Input:
————

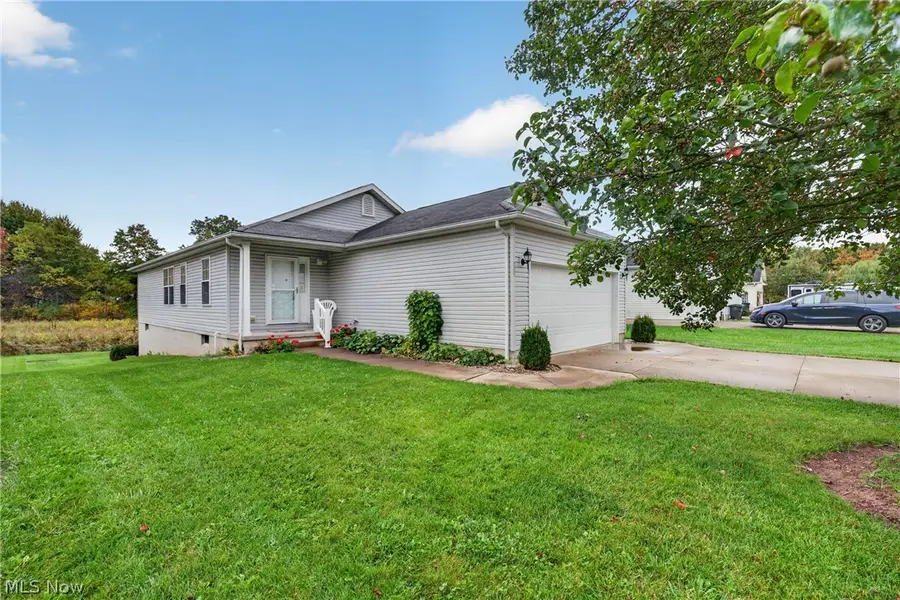 225 Waverly Avenue, Wadsworth, OH 44281 - #2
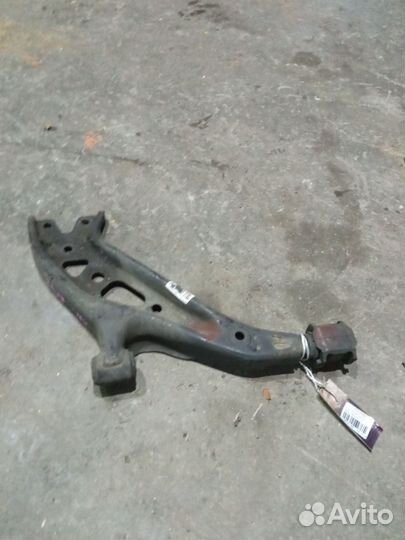 Рычаг передний правый Toyota Starlet EP91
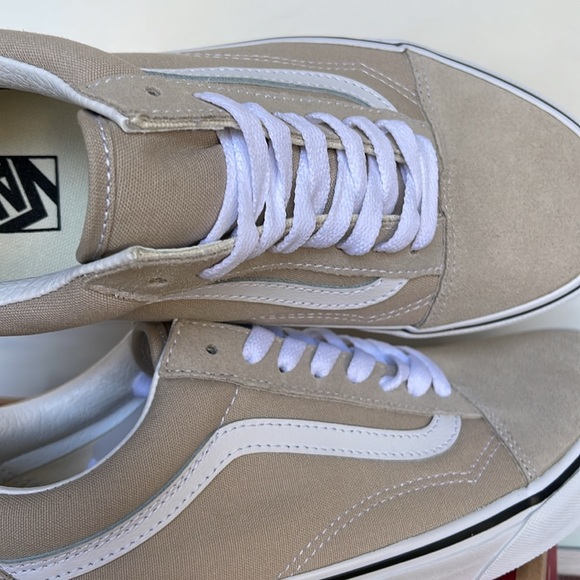 Vans WMNS Old Skool
Color Theory French Oak
VN0005UFBLL
Sneakers - Picture 14 of 16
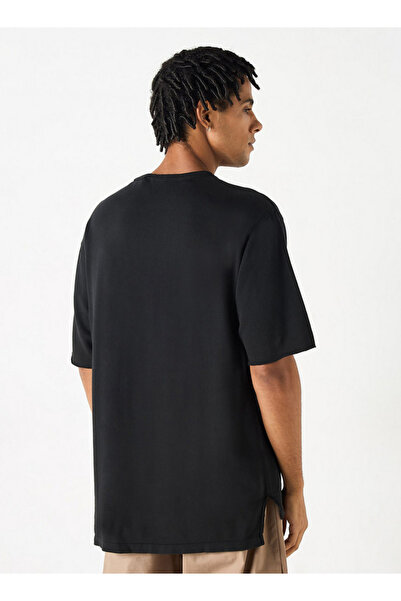 SP Characters تي شيرت بطبعة نيرفانا مع رقبة دائرية وأكمام قصيرة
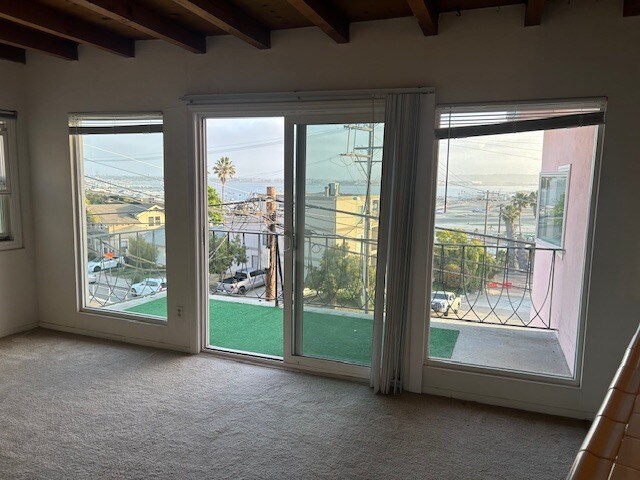 More Photos Of 2801-2807 Columbia St, San Diego Apartments For Sale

————

Directions for this task: Without the pictures, print the records in full, exactly as they appear.

Task solution:
 225 Waverly Avenue, Wadsworth, OH 44281 - #2
 Рычаг передний правый Toyota Starlet EP91
 Vans WMNS Old Skool
Color Theory French Oak
VN0005UFBLL
Sneakers - Picture 14 of 16
 SP Characters تي شيرت بطبعة نيرفانا مع رقبة دائرية وأكمام قصيرة
 More Photos Of 2801-2807 Columbia St, San Diego Apartments For Sale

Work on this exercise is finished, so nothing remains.